Postby MomJustLetMeGoToGULC » Thu Jun 22, 2017 1:10 pm

I have to agree with Lucretius_. When it comes to Personal Statements, one of the biggest criticisms is that the applicant did not write their PS with themselves in mind. Law schools don't want to know about Nick. They want to know about YOU. I'd also have to agree that this is not a compelling story, nor is it well written. There's too much use of the passive voice and you're trying too hard to come off as intelligent. I'm sure you are! After all, it tends to be clever people who want to apply to law school. But once you get here, you'll find that your briefs and your memos will all have strict word limits, and the more flowery your language, the less your professors will enjoy it. You have also used a lot of words that do not make sense in their context (i.e. "dismay"," "protruded,"). Some portions are simply badly written.

On a slightly more personal note, that I hope you do not take personally, this story does not make you sound likeable. It makes you sound naïve, immature, and selfish. Please look out for that when writing. Law schools do not only care about your credentials and your experiences; they care about your likeability. You will go out into the world to represent them and their brand. They want a likeable person doing that. By all means, show off your achievements! But do it with the goal of making yourself the type of person that the admissions committee would like to get to know.

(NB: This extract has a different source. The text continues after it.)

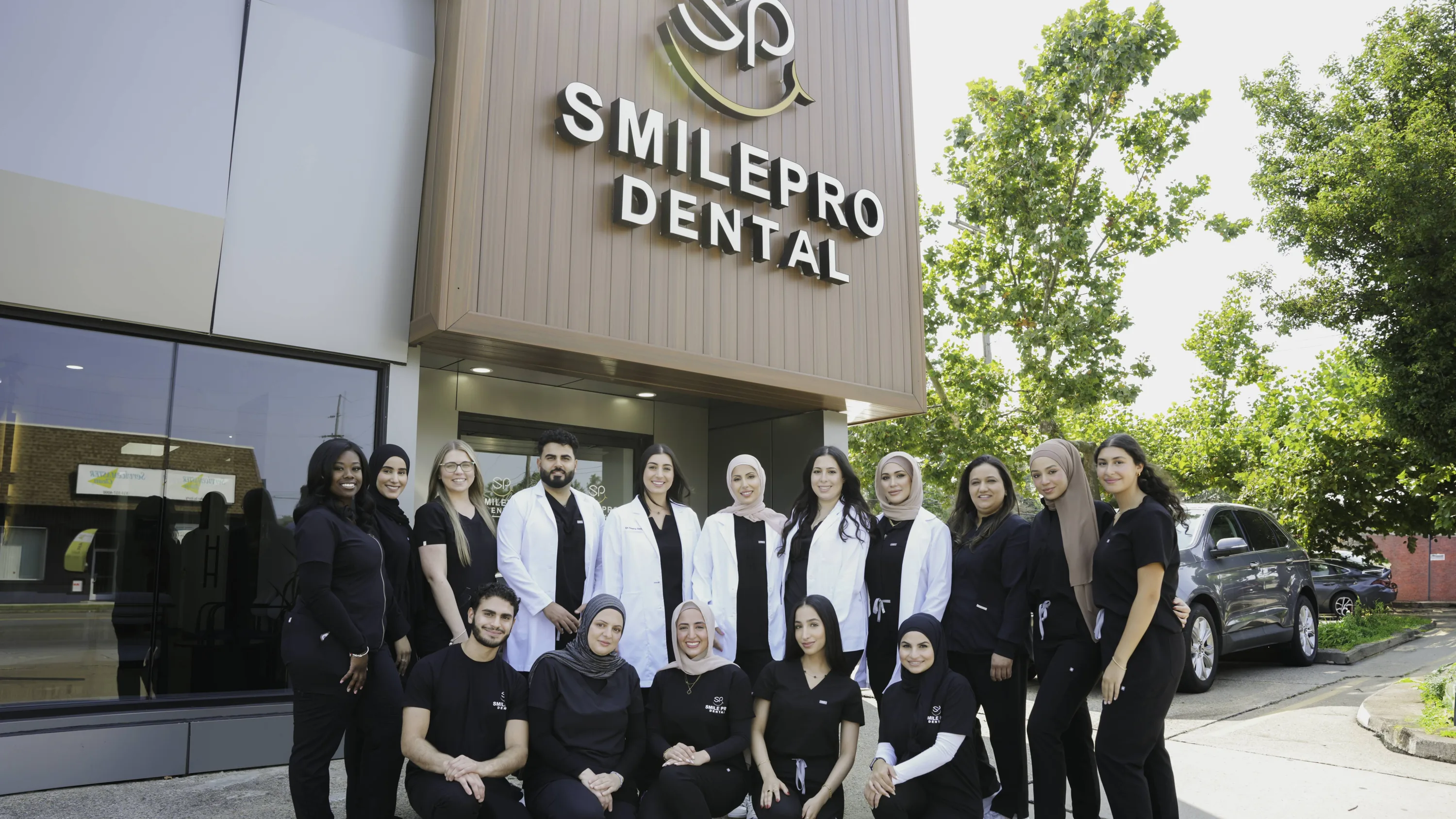 The SmilePro Dental team outside the practice on West Warren Avenue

One last thing: you do not need a really sad story to write a compelling personal statement. It seems like you went digging through the annals of your past to find one, but it came off as insincere. Not everyone has tragedy strike; not everyone has a disability to overcome. Writing about positive experiences can be just as successful because admissions committees can tell when you're being genuine. You do not necessarily have to address why you want to go to law school unless the directions state it, but you should be telling that school why they want YOU specifically. What do YOU bring to the student body? How do YOU contribute to their diversity? How will YOU be a good ambassador for their school?